Geçtiğimiz günlerde evlendikten sonraki son beş yılını “mükemmel” diye tanımlayan bir çiftle tanıştım. Çift terapilerinde çoğu zaman sorun dinlemeye alışkın olduğum için bu sözler dikkatimi çekti. Merakla sordum: “Nasıl oldu da bu kadar mutlu bir evlilik sürdürebildiniz?”
Kadının cevabı, aslında hepimizin kulağına küpe olacak kadar sade ve etkiliydi:
“Biz hiçbir zaman ‘sen haklısın, ben haklıyım’ gibi kavgalarla birbirimizi tüketmedik.
Birbirimizi rakip veya düşman gibi görmedik.
Tam aksine, aramızdaki probleme odaklandık ve bu sorunu ortadan kaldırmak için birlikte çözüm aradık.”
Kısacası mutluluğun formülü buydu. Yani tarafların birbirine karşı değil, soruna karşı omuz omuza durması. Evliliği bir ringe çevirmek yerine bir takım sahasına çevirmek.
Birçok çift, farkında olmadan tartışmayı kazanmaya çalışır. Oysa kazanan ve kaybedenin olmadığı bir evlilikte, “biz” duygusu “ben” duygusunun önüne geçer. Rakip değil, yol arkadaşı olduğunuzu hissettiren bir iletişim dili, evliliği yıllar boyu güçlü ve huzurlu kılar.

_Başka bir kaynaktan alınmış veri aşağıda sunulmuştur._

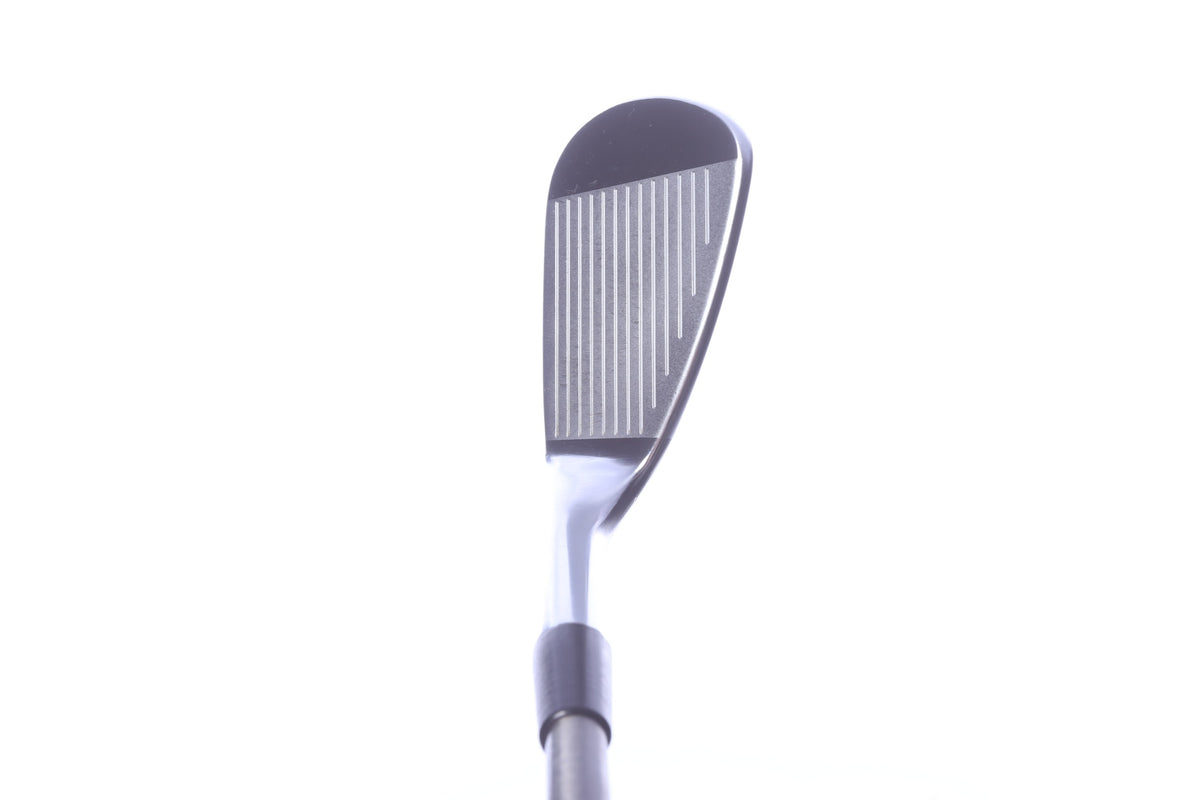 Used Titleist 2021 T100 Single 9-Iron - Right-Handed - Stiff Flex-Next Round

Unutmayın, evlilikte asıl mesele “haklı çıkmak” değil, “birlikte çözüm bulmak”tır. Kimin haklı olduğu tartışmasını bir kenara bırakıp, ilişkinin kendisini kazanmak üzerine kurulu bir dil geliştirdiğinizde, siz de kendi mutluluk formülünüzü yazabilirsiniz.
İlişki terapilerinde sıkça söylediğim gibi: Sorunun karşısında durun, birbirinizin yanında değil, birbirinizin karşısında olmayın. İşte gerçek mutluluk, bu bakış açısıyla başlıyor.